On the other hand, one who listens more and more effectively to others with a genuine desire to understand and to help, if not always to agree, will have no regrets later on. Such an individual may occasionally run out of time here, but he is fitting himself for eternity. Love and patience are never wasted; they only appear to be. The devoted wife and mother who is a quiet but effective neighbor but whose obituary is noticed by a comparative few may well have laid up precious little here in the current coin-of-the-realm, recognition, yet rising with her in the resurrection will be relevant attributes and skills honed and refined in family and neighborhood life. Contrariwise, the civic leader whose thirst for recognition causes him to do things to be seen of men has his reward.

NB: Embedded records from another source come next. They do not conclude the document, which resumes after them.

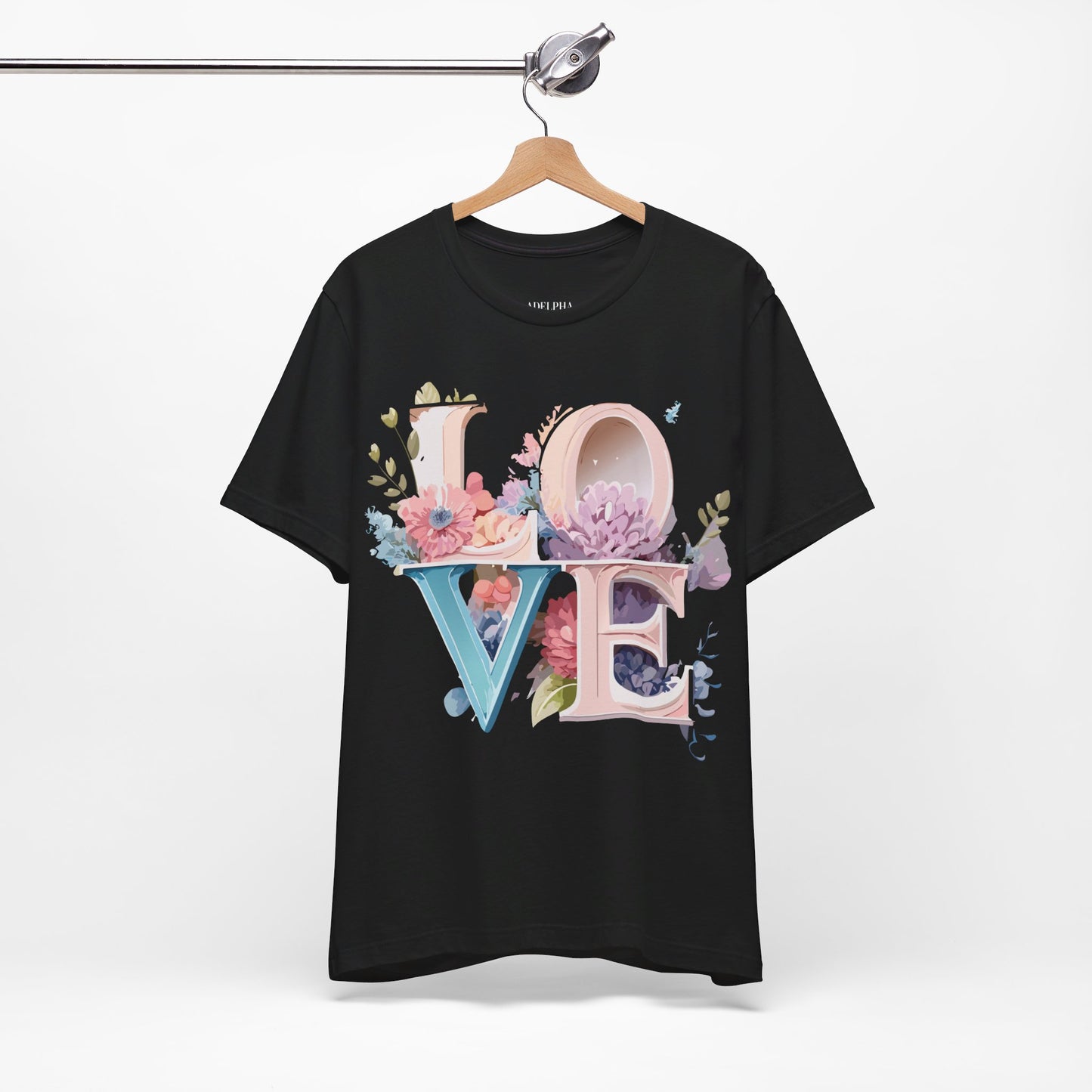 T-Shirt aus natürlicher Baumwolle – Love Story Collection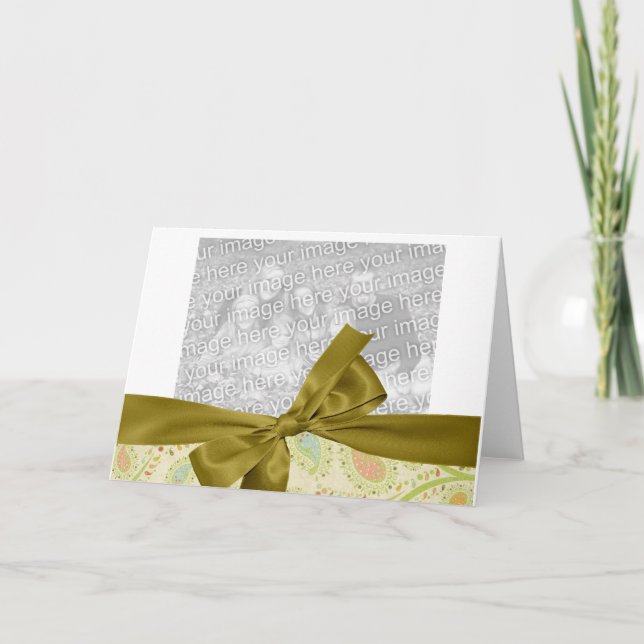 Cartão Avisadores de fotos de casamento (Frente)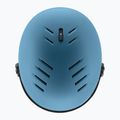 Slidinėjimo šalmas UVEX Wanted Visor stone blue matt/mirror blue/smoke 5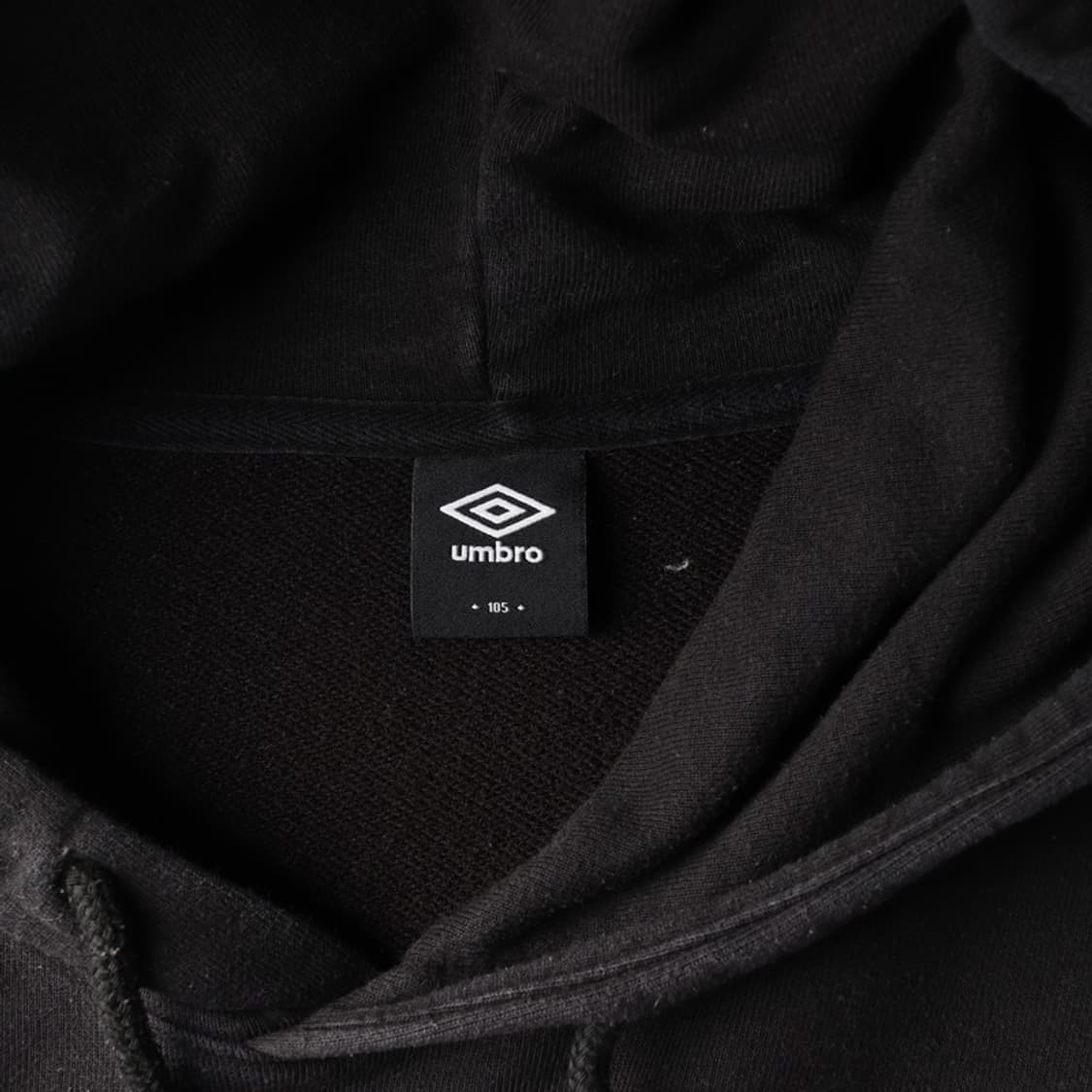 UMBRO 에센셜 스몰 로고 블랙 후드티 XL 상품이미지5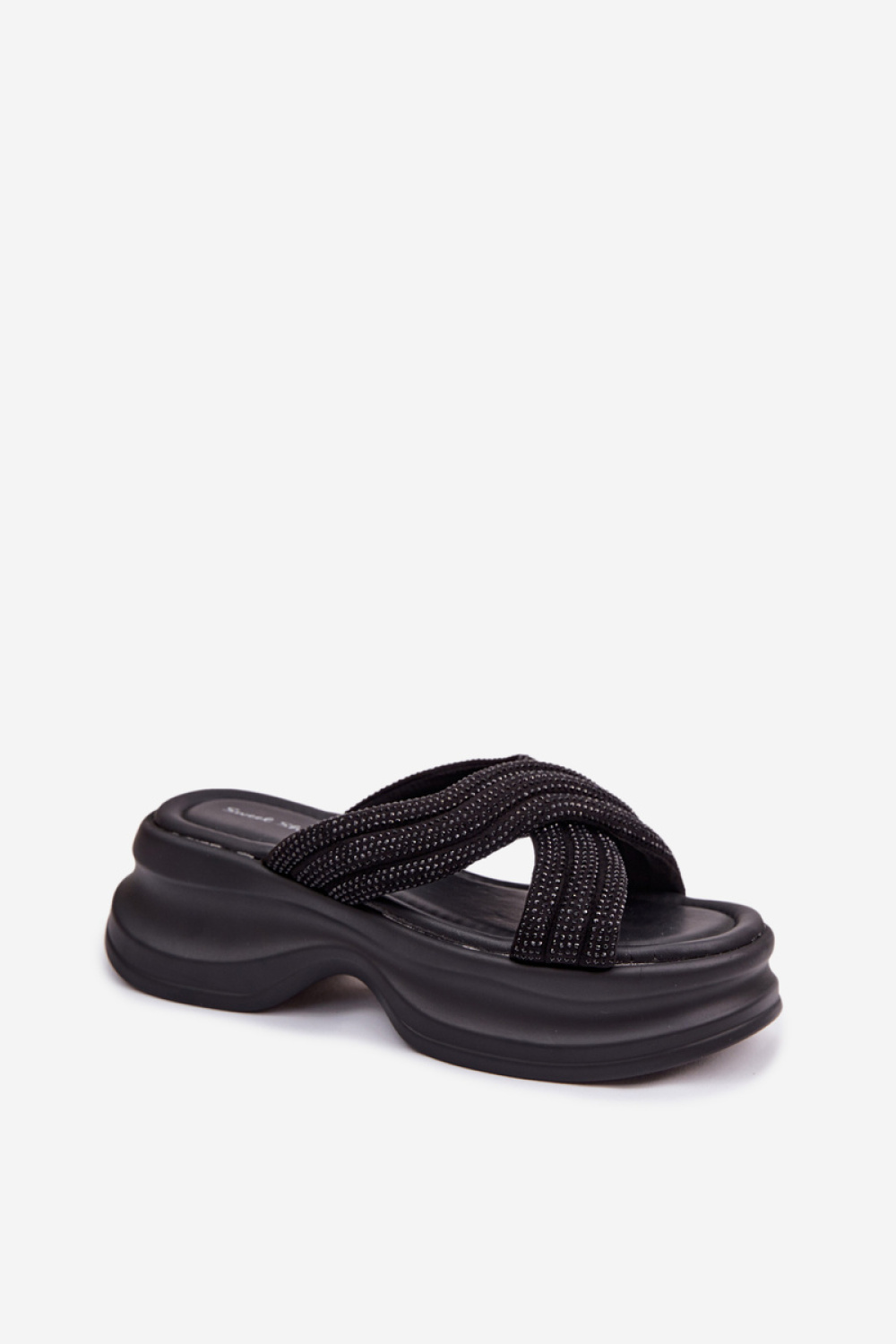 Sandał Klapki Model Eslira YL5060 Black - Step in style - obrazek 2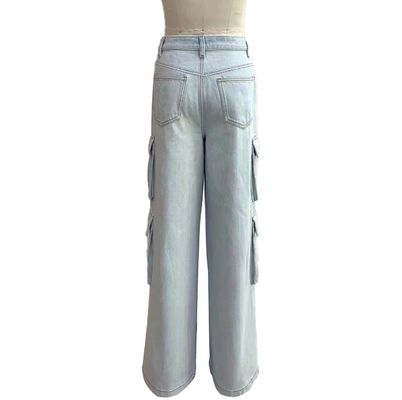 Wide Leg Fit High Waisted Stretch Jeans For A Flattering Silhouette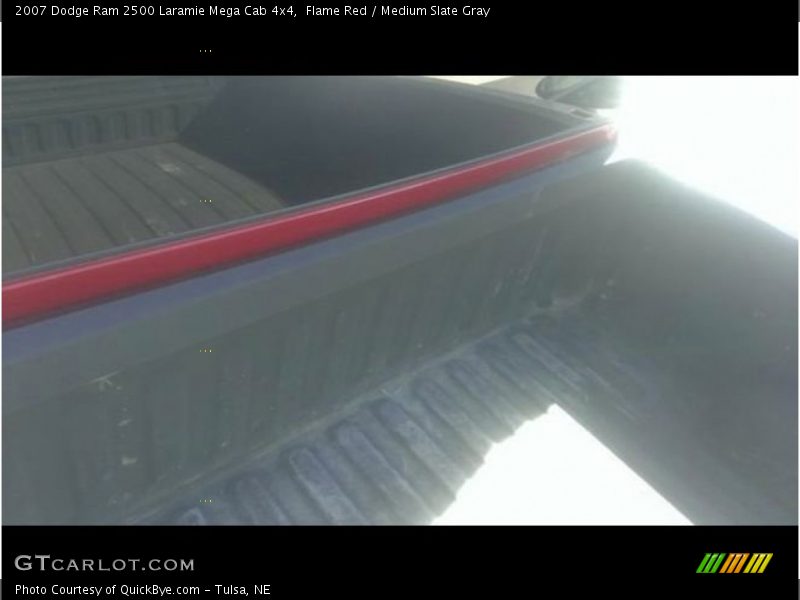 Flame Red / Medium Slate Gray 2007 Dodge Ram 2500 Laramie Mega Cab 4x4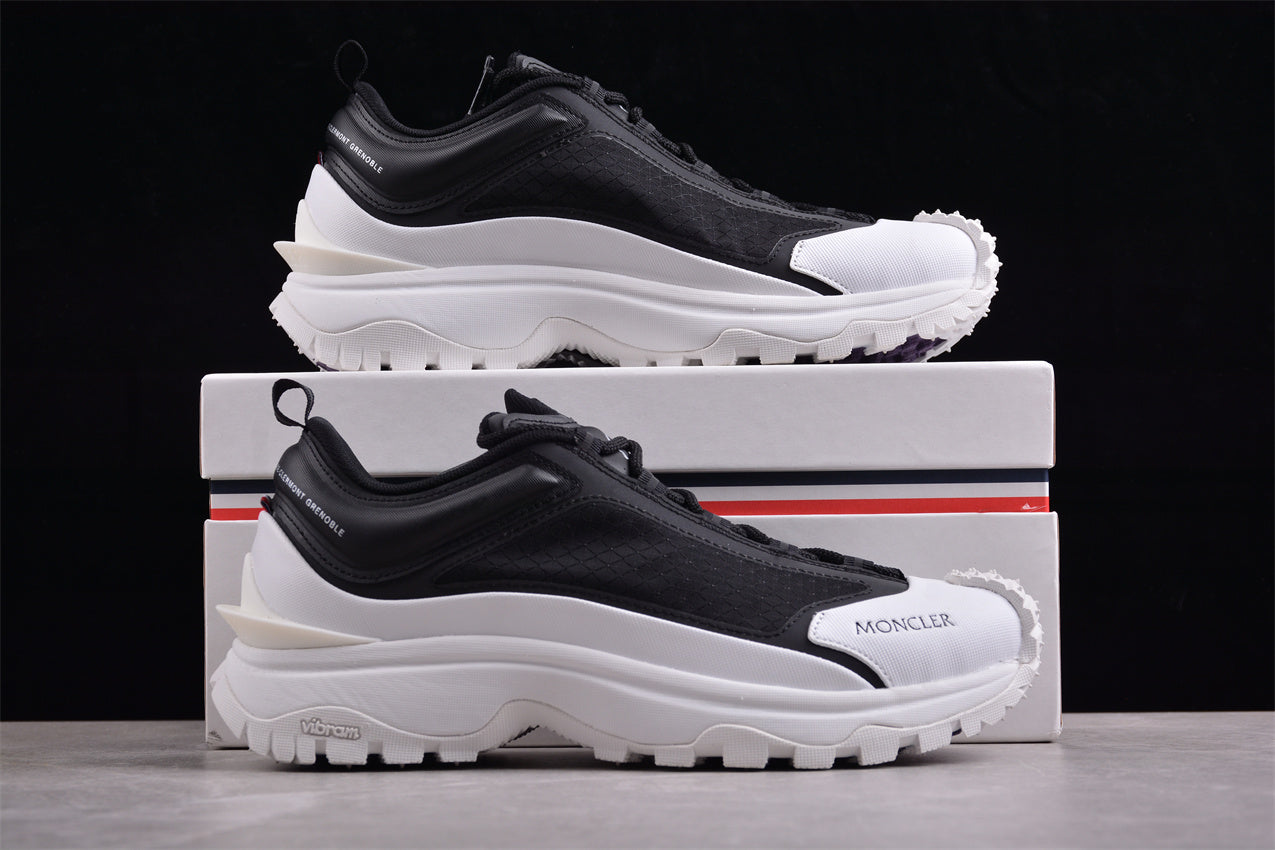 Moncler Trailgrip Lite Low in Black/White - Best Reps Website 2025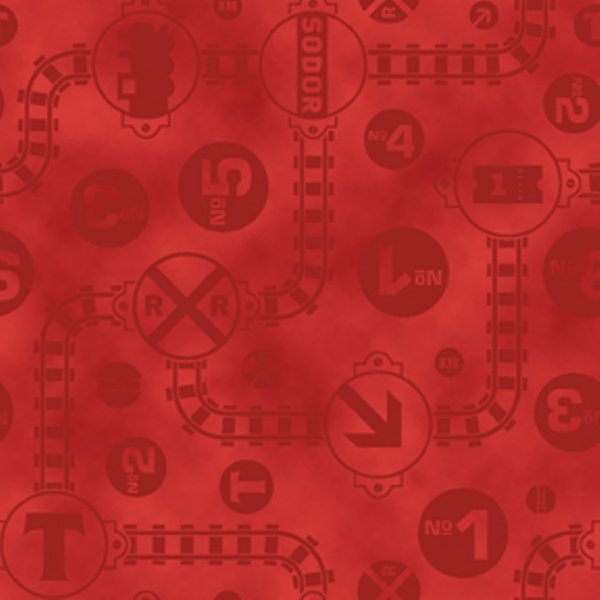 QT - Fast Friends-Track & Icon Toss/Red - 23896-R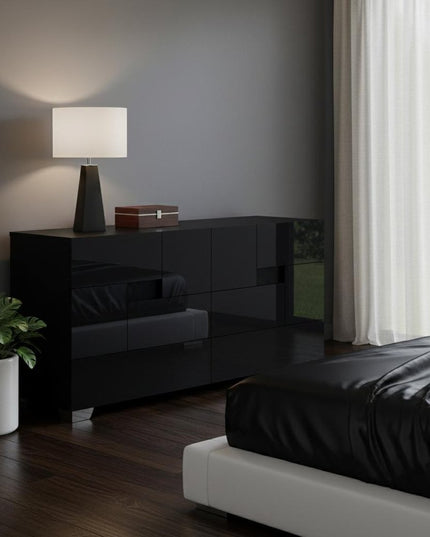 30" Superb White High Gloss Dresser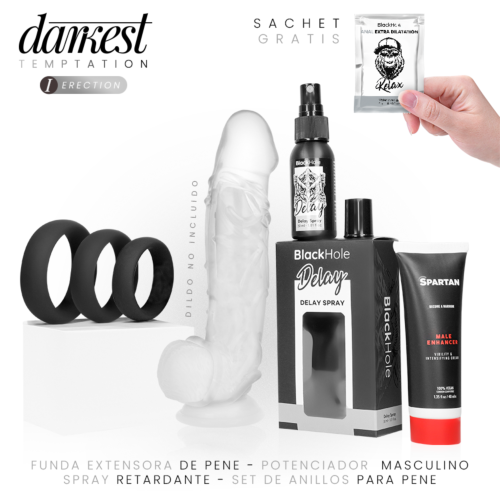 Ereksjonskitt DARKEST TEMPTATION - 1: ERECTION DREAMKIT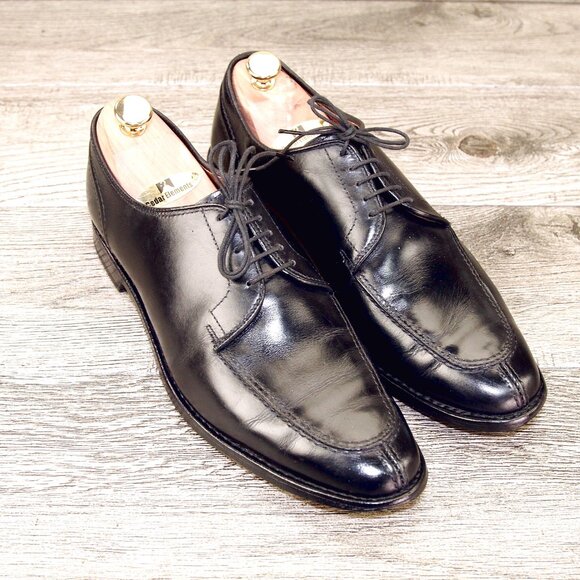 Allen Edmonds LASALLE Split Toe Blucher 9 D Black * add $15 new Cedar Trees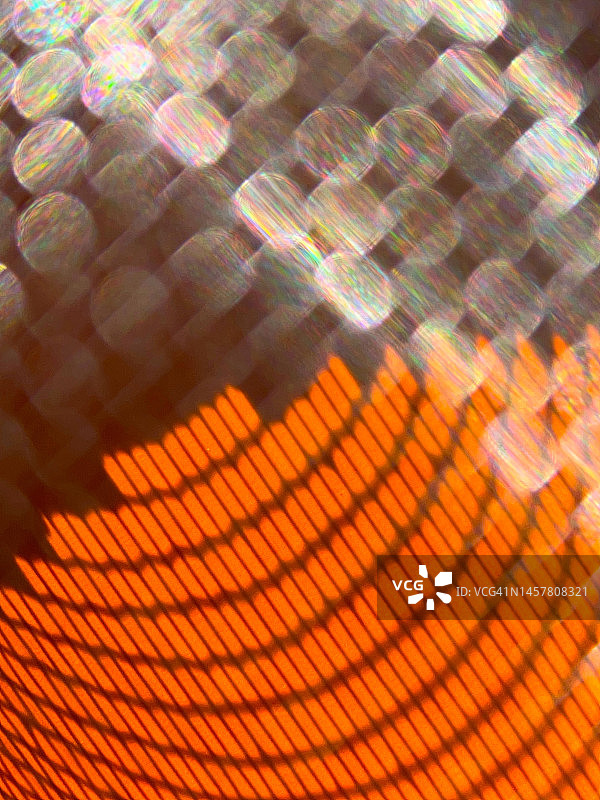 抽象橙色闪光图案图片素材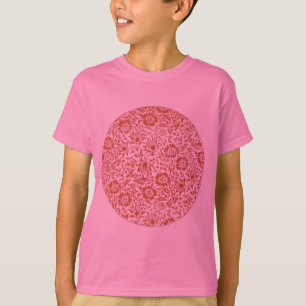Camiseta Patrón de Malva de William Morris: Floral Terracot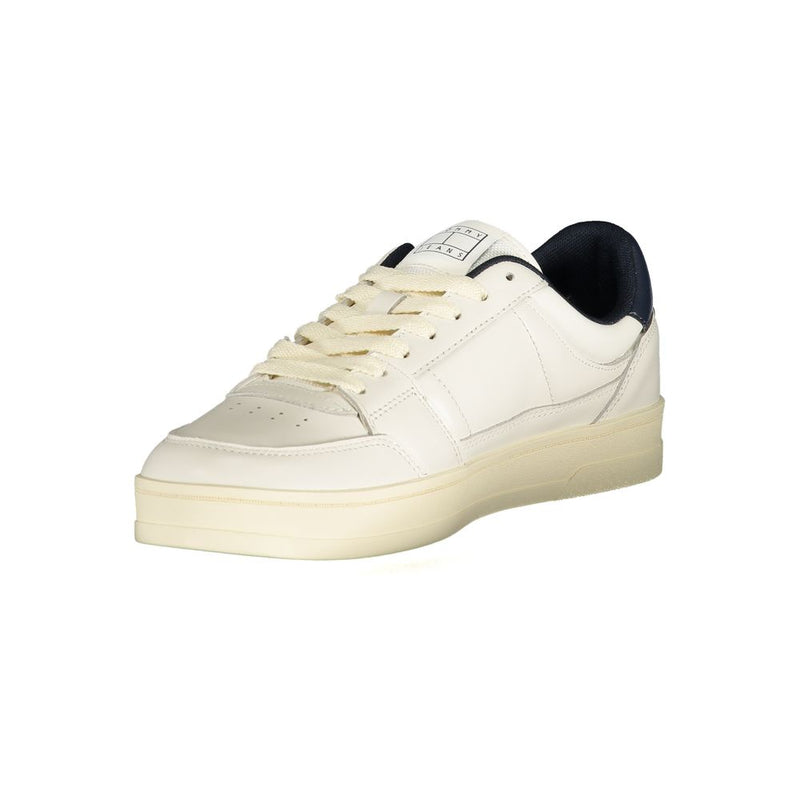 Tommy Hilfiger Bianco Leather Men's Sneakers - Stylish & Comfortable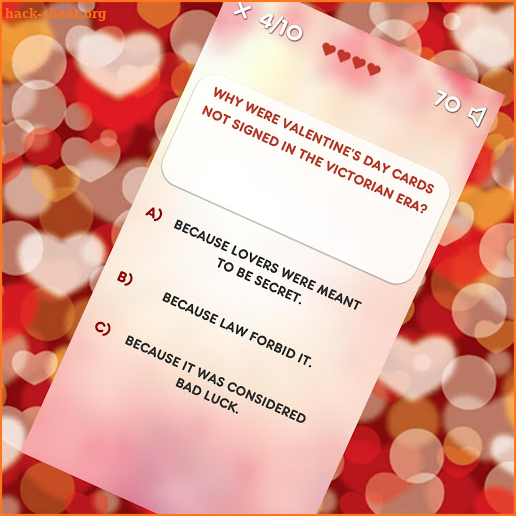 Ultimate St. Valentine's Day Quiz screenshot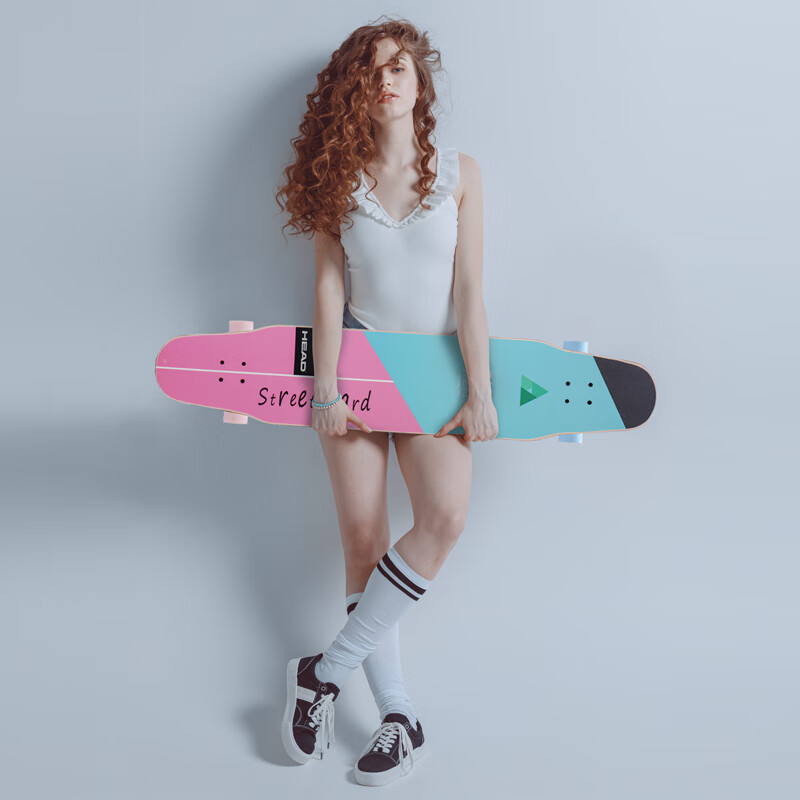 HEAD Skateboard, Professional Longboard, All-Round Dance Board, for Men And Wome...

He too will receive the gift of immortality during which expanse he can work on meekness and humility.

Thus when life is viewed superficially, it seems routine and even pedestrian. However, what appears on the surface can be a thin cover for developments of great spiritual significance. Those who passed by the football stadium at the University of Chicago several decades ago did not know what was underway below those empty seats. The atom was being split, after which the world was never again to be the same. Such a quiet stadium too. It is left to us, therefore, in our varied circumstances but with common challenges to make the interplay of our time and talent bring about the development of the key eternal attributes and the everlasting skills. A botched performance here means less chance to serve there. Any resulting advantage we have in the world to come clearly will result from taking advantage of the opportunities this life affords us. Hence those who are grounded, rooted, established, and settled will be serious about the eternal objectives on which this life should focus.

Brothers and sisters, when anciently we shouted for joy in anticipation of this mortal experience, we did not then think it would be ordinary and pedestrian at all. We sensed the impending high adventure. Let us be true to that first and more realistic reaction. (BYU Devotional Address, “Grounded, Rooted, Established, and Settled” 15 September 1981)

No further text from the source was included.